= Task to complete =
The task for the listing below is to write out exactly the lines starting at the one containing "Vector Skeletal formula" and ending at the one containing "Isabel Marant Piper", both included. Pictures are to be omitted.

[Data extracts Boundary: Start]

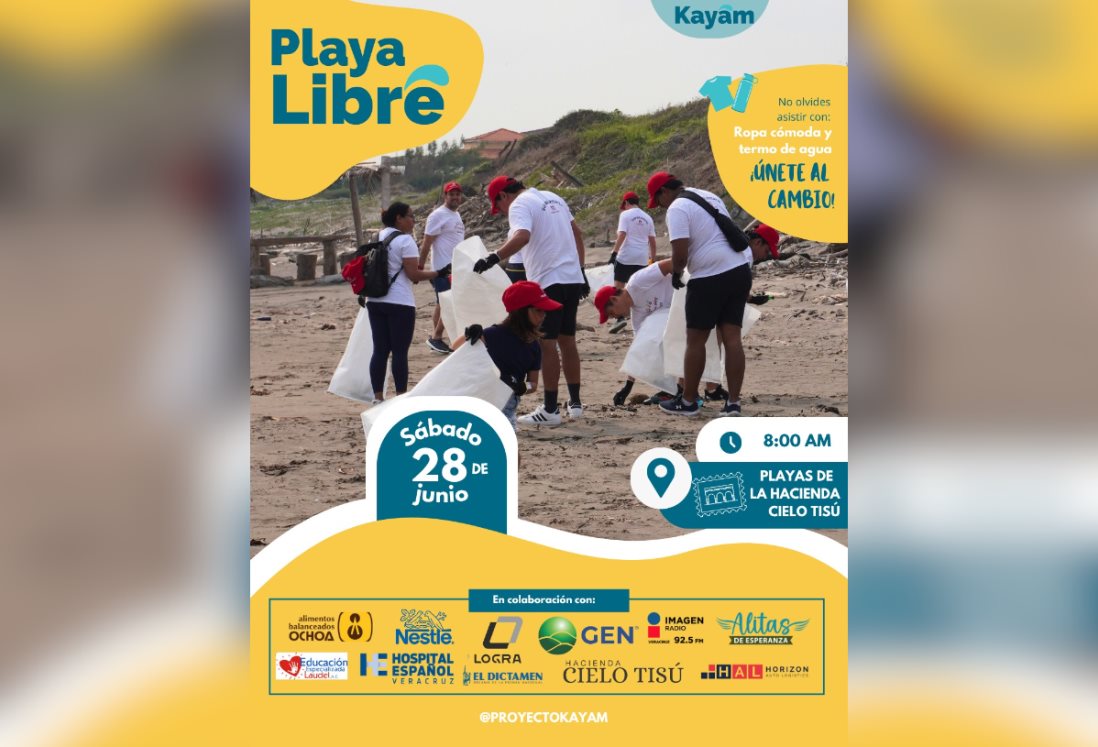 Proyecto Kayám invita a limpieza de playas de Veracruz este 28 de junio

[Data extracts Boundary: End]
[Data extracts Boundary: Start]

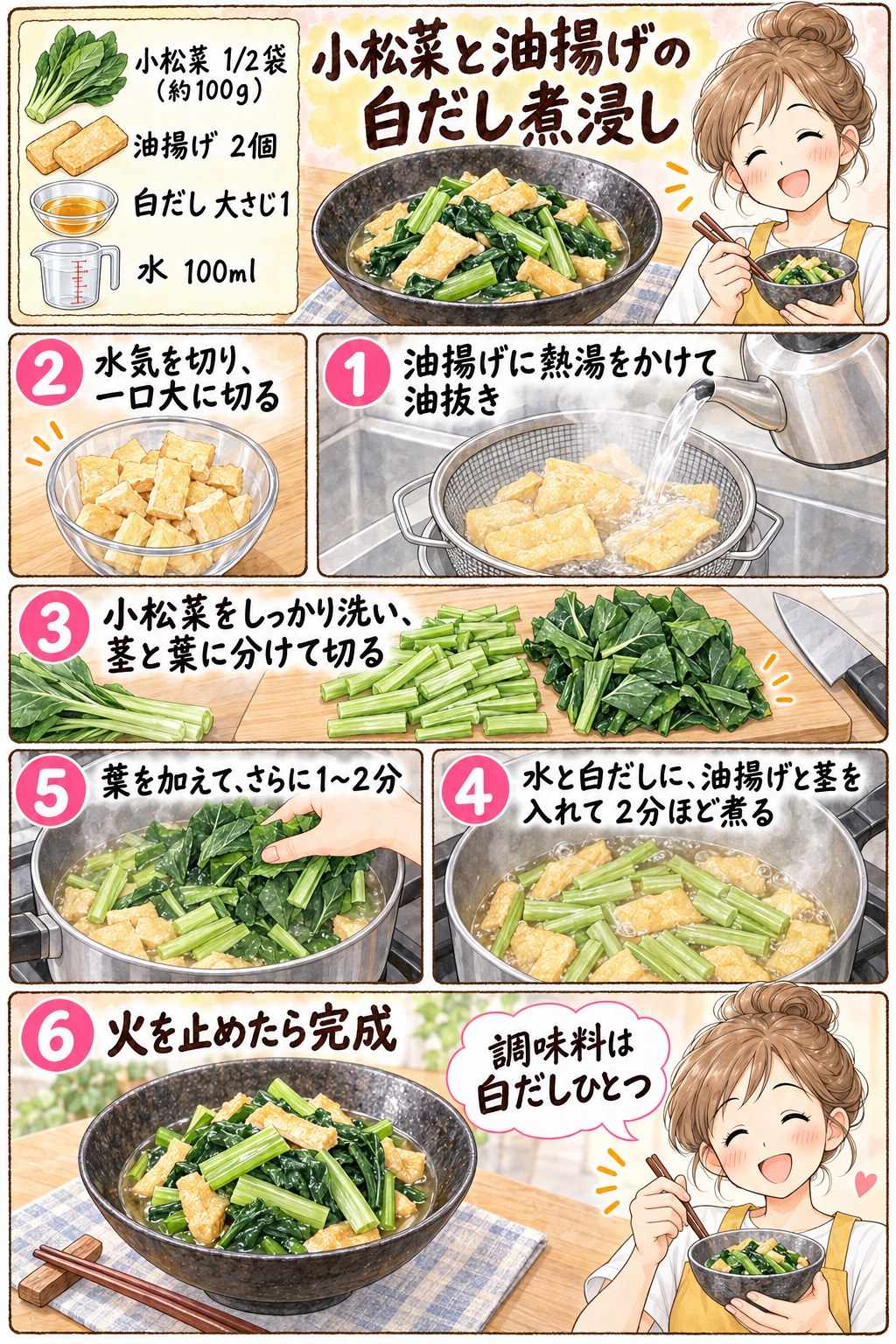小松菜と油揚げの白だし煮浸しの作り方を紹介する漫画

[Data extracts Boundary: End]
[Data extracts Boundary: Start]

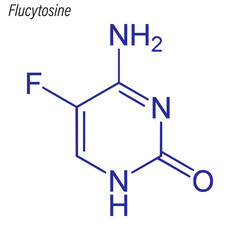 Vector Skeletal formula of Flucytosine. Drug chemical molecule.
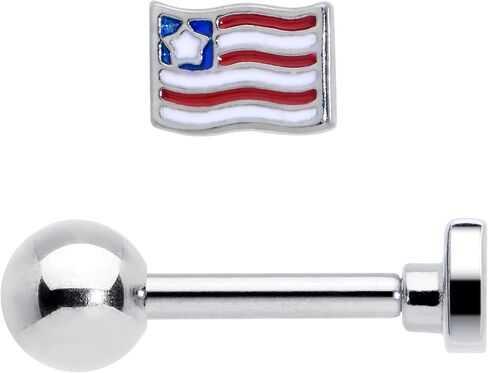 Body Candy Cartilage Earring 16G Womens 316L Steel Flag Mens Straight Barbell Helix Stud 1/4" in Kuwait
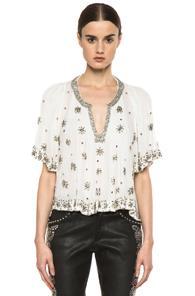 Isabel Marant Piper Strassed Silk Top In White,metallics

[Data extracts Boundary: End]

= Reply to the exercise =
 Vector Skeletal formula of Flucytosine. Drug chemical molecule.
 Body Candy Cartilage Earring 16G Womens 316L Steel Flag Mens Straight Barbell Helix Stud 1/4" in Kuwait
 Isabel Marant Piper Strassed Silk Top In White,metallics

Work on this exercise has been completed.